The proposed bill introduces the "Rhode Island Local Investment Tax Credit Act," which aims to provide an investment tax credit to taxpayers who make qualified investments in local qualified businesses that employ ninety-nine (99) or fewer employees. The credit allows taxpayers to claim fifty percent (50%) of their qualified investment, capped at three thousand dollars ($3,000) per qualified business and per tax year. To qualify, investments must be certified by the Rhode Island commerce corporation strategic fund, which is responsible for developing an application and approval process for these investments.
The act specifies that qualified businesses must have their headquarters in Rhode Island, receive at least eighty percent (80%) of their gross revenues from operations within the state, and maintain at least eighty percent (80%) of their assets in the state. Additionally, the act prohibits investments in businesses where a family member of the investor is an employee or owner, or where the investor has a preexisting fiduciary relationship.

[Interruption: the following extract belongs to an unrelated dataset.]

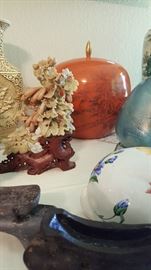 soapstone carvings, Chinese Coral ground lidded Melon Jar ( early Republic 20th Century)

The Rhode Island commerce corporation strategic fund will issue a certificate to taxpayers claiming the credit, which must be attached to their annual tax return. If the credit exceeds the taxpayer's tax liability for the year, the excess may be carried forward for up to ten (10) tax years.
Furthermore, the bill mandates that the General Assembly will annually appropriate sufficient funds from the state general fund to fully compensate for any loss of revenue resulting from the tax credits granted under this act. The act is designed to encourage local investment and support small businesses in the state, and it will take effect upon passage.